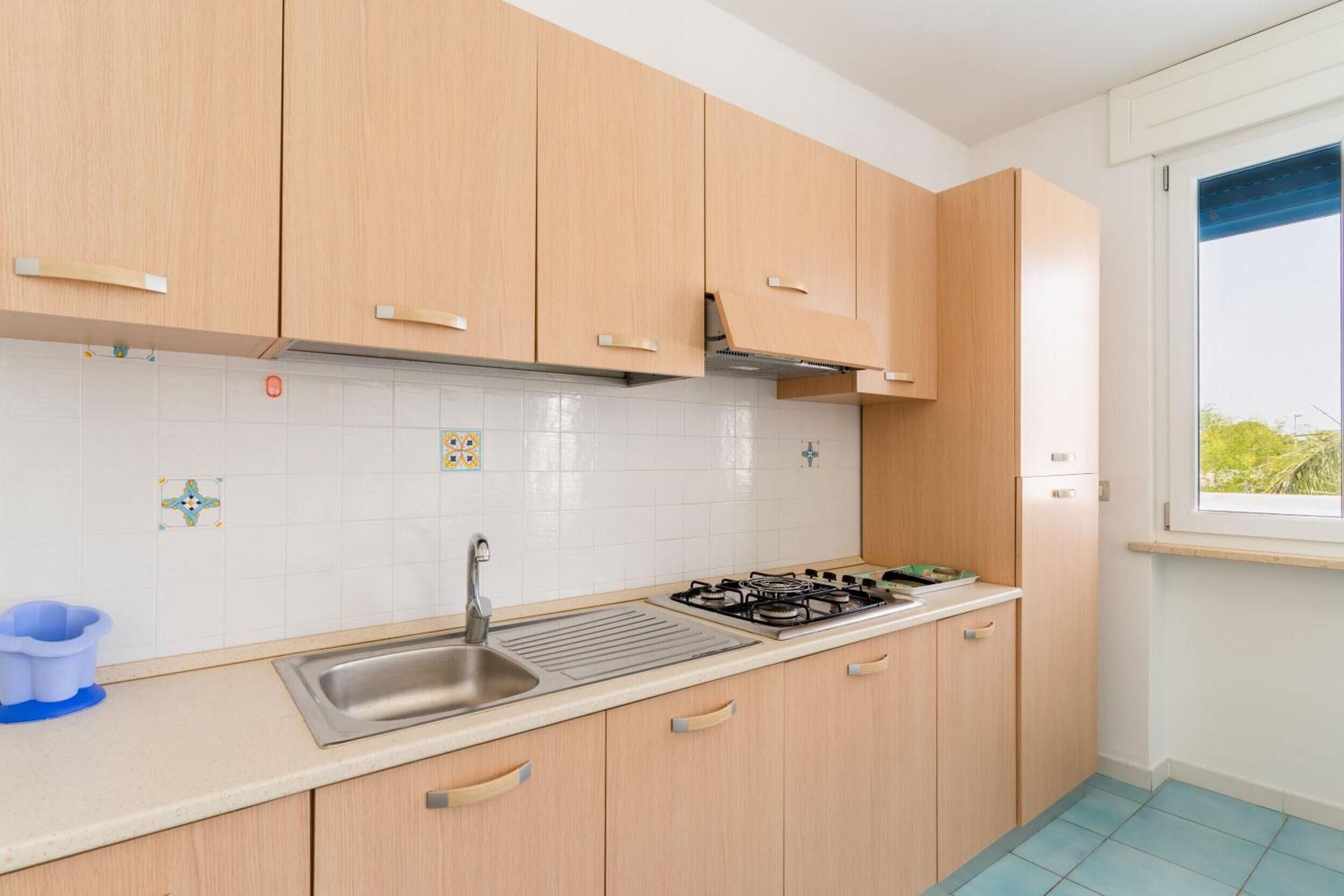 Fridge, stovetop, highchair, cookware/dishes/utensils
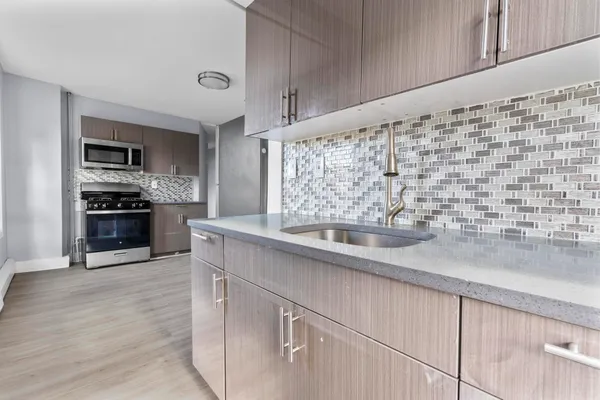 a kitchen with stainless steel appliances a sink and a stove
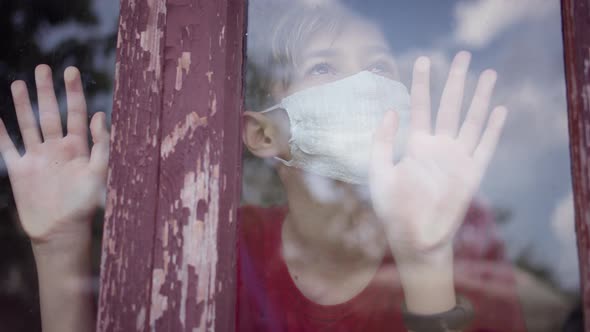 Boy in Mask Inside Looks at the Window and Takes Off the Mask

Try it:
Give back the listing exactly, with the pictures removed.

Problem solution:
 Fridge, stovetop, highchair, cookware/dishes/utensils
 a kitchen with stainless steel appliances a sink and a stove
 Boy in Mask Inside Looks at the Window and Takes Off the Mask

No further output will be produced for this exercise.